Yet programming also (like some forms
of formal poetry) requires an arduous logical concentration. Extreme
clarity and absolute precision are necessary to perfect syntax and achieve
optimized functioning. In this respect, the dichotomy that arises from
Nietzsche's analysis of poets in terms of Apollonian and Dionysian streams
must be resolved in the creative programmer: imaginative fervour and
logical rigour need to be synthesized. The quality and breadth of much
programming is definitive proof of this resolved synergetic fuel: exploratory
abstract imagination, and rigorous analysis leading to clarity of practice.
Analysis of programming in the early 60's "demonstrated that all
programs could be written in terms of only three control structures"

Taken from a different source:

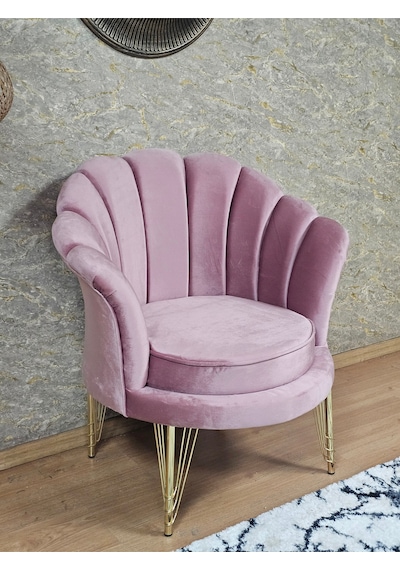 Zafir Tekli İstiridye Gold Kaplama Telli Ayak Çay Seti Koltuk Tekli Berjer , Balkon, Salon, Ofis Pembe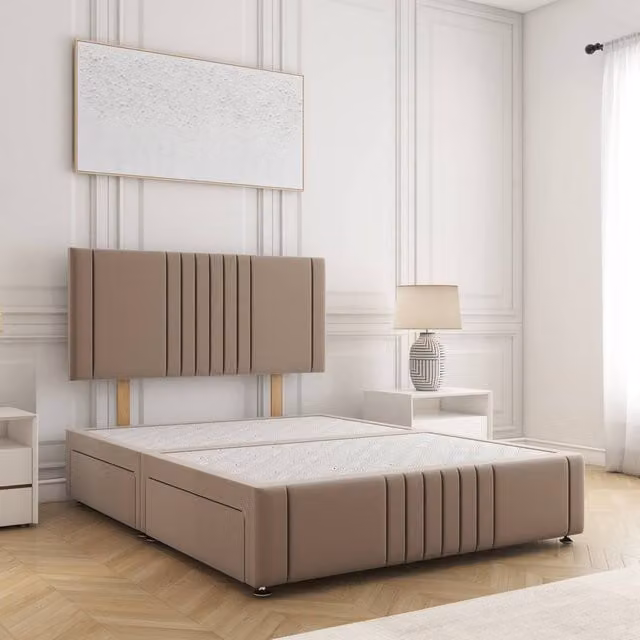 BSSPOKE Hazel King Size Divan Bed with Plush Velvet Headboard and 2 Drawers in Beige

(Deitel & Deitel 61) First, the sequence structure: the next line
of code is read after the previous line in sequential order; same as
we read word to word, line to line on this page. Second, selection structure:
a choice is made; for example, right now, do we continue reading? or
do we go do something else? if we are bored or have an appointment,
we quit reading; we make a choice between paths. Third, repetition structure;
example: we may continue reading this paragraph until we understand
it or until we get tired of the attempt; in other words, we re-read
it until the condition of comprehension is satisfied or until we are
tired. In pseudo-poetry-code this would be written as a type of cryptic
pseudo-haiku:
not comprehending
so read again
unless bored or
impatient
go on
Basically these three control structures are fundamental conceptual
models for approaching programming, or for approaching poetry (or even
neurology). Sequential structure is fundamental to how readers construct
narratives within the flow of an emotional-intellectual logic. Selection
is intrinsic to the accretion of patterns into symbolic nets, resonant
fields which yield meaning. Repetition is the chorus form, the refrain,
repeated with a tiny shifting value. These minimal structures necessary
for programming are remarkably consistent with literary analysis. Intuition
can be understood as the coalesced excretion of similar reiterated subconscious
pattern-recognition activities. Epiphanies are the ripe fruits our glands
pluck from the orchards of structured intuition.
Peripheral to the development of these technical, formal structures,
vast corporate structures of ownership coalesced around the productions
of programming. These structures have yielded a typically-insane disparity
of wealth. Adrienne Rich (poet, feminist, lesbian) says, "
if
we care about the freedom of the word, about language as a libratory
current, if we care about the imagination, we will care about economic
injustice." (Rich 165). Richard Stallman, the infamous MIT programmer
deeply involved in the open-source software movement who developed GNU,
is one example of a renegade programmer deeply committed to activity
that transcends the hegemony of materialism, and challenges the tyranny
of copyright. Stallman began the GNU project in 1983 by announcing,
on a listserv, his intention to create an alternative to the expensive
proprietary UNIX operating system and give it away free. He invited
others to help. While egocentric modes of behavior are certainly operative
in almost all human endeavours, there is a conscious thread here of
openness toward unity, an explicit awareness that all beings have a
right to be involved in the production of their environment, and that
important resources should be shared not wasted or hoarded. These ideological
concerns are to some degree a prevalent thematic strand within the history
of poetics and programming. As Stallman defines it, free software is
Stallman has been dubbed "The Prince Kropotkin of Software"
( a reference to the Russian anarchist) in an online biography by Nikolai
Bezroukov . Akin (slightly) in appearance and philosophy to Alan Ginsberg,
and comparable to Glenn Gould in hermetic-obsessive style, Stallman
seems far from the sanitized logical technician stereotype of a scientist.
Why not label his programming work poetry and call it art? It is socially
compassionate, extraordinarily intellectual, and devotedly imaginative.
In the way that a Bach sonata is constructed, so too these massive operating
system programs are interleaved and interwoven symmetries evocative
of structural beauty. Writing a work of the size of GNU is comparable
to the achievements of Dostoevsky. And unlike the contemporary artistic
model of individual authorship, the open source movement is a collaborative
environment, these are truly creations of collectives.